Off Florilège # 2

 

M. un amour suprême 

A la suite du dessinateur Giovanni Galli (Giovanni en attendant la bombe) puis le littérateur Oreste Fernando Nannetti (Nannetti, le colonel astral), Gustavo Giacosa se penche sur Melina Riccio.

Styliste en pointe dans les années 80, la trentenaire abandonna son atelier pour... convoler avec le Christ. L’internement, la rue.., entourée de quelques protecteurs, Melina élabore aujourd’hui des œuvres in situ, appelées à être démantelées et offertes aux passants.

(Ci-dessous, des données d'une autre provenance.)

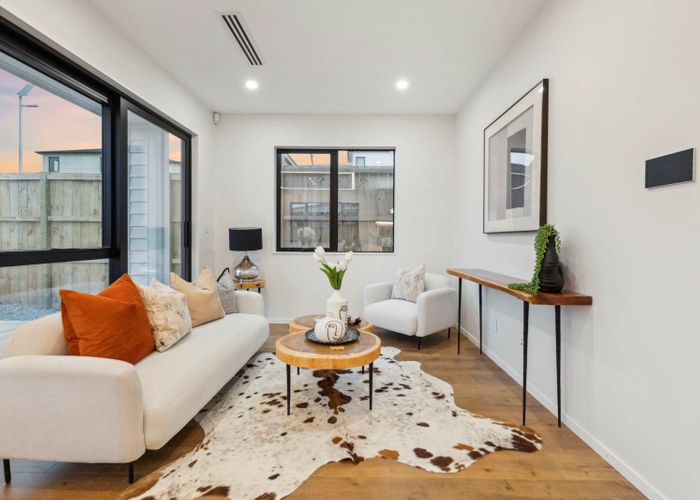  at 18 Adamson Road, Flat Bush, Manukau City, Auckland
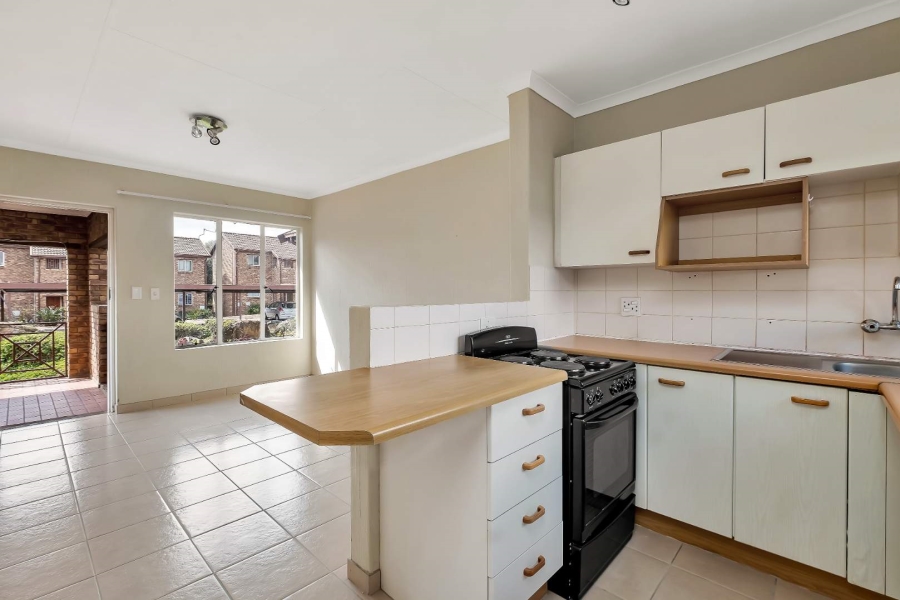 To Let 1 Bedroom Property for Rent in Allens Nek Gauteng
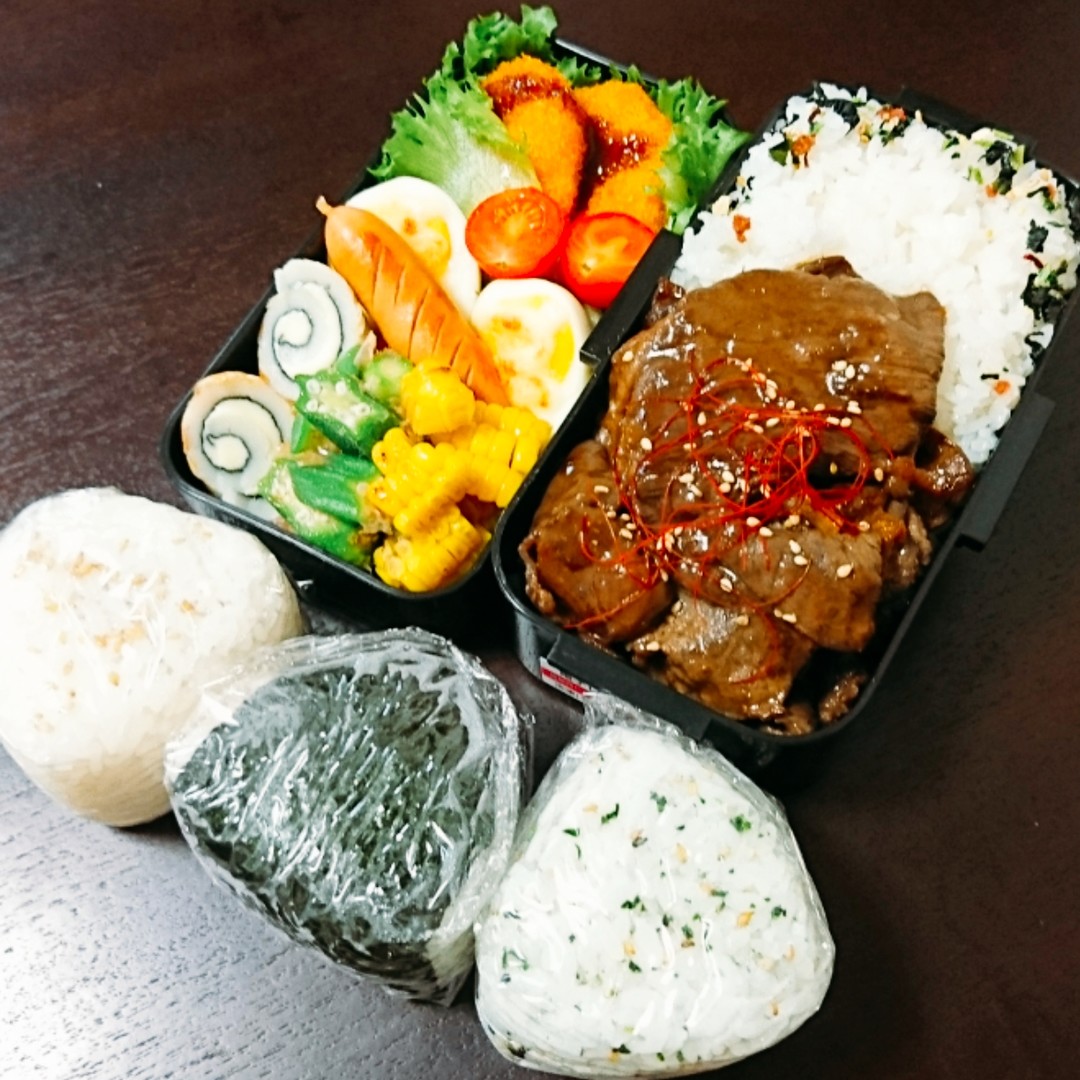 焼肉弁当と三色おにぎり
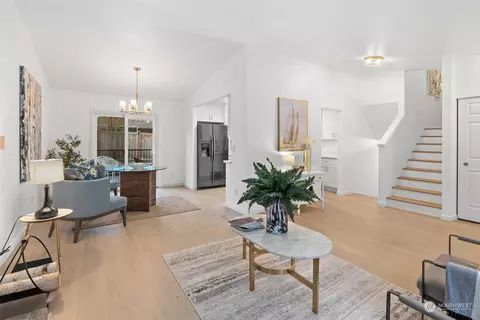 Living - 513 211 Pl SE, Bothell, WA 98021 photo 4 of 6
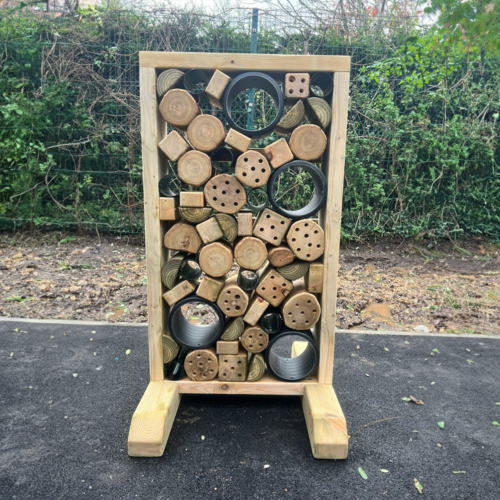 Outdoor Nature Wooden Bug Hotel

Nanetti, Giovanni, Mélina.., tel Champollion face à la pierre de Rosette, Giacosa décrypte les mystères de l’art brut. L'artiste dessine des performances-explorations à travers les méandres du mental, le cortège de ses douleurs, le génie de ses fulgurances. Pour l'occasion, aux côtés de Fausto Ferraiuolo et son piano, Gustavo prend la parole et se frotte à la causticité et la narration. 

Tel un Monsieur Loyal ou un animateur de télévision, il raconte une histoire, dresse un itinéraire qui questionne les désordres de la famille, les caprices de la mode. M. un amour suprême se suit comme un rituel, une émission de variétés ou encore une fashion week déglinguée qui met en dialectique le culte de la consommation, l'art et le marché de la récupération.

M. un amour suprême : 11H du 5 au 26 juillet, Théâtre des Halles . Relâche le mercredi.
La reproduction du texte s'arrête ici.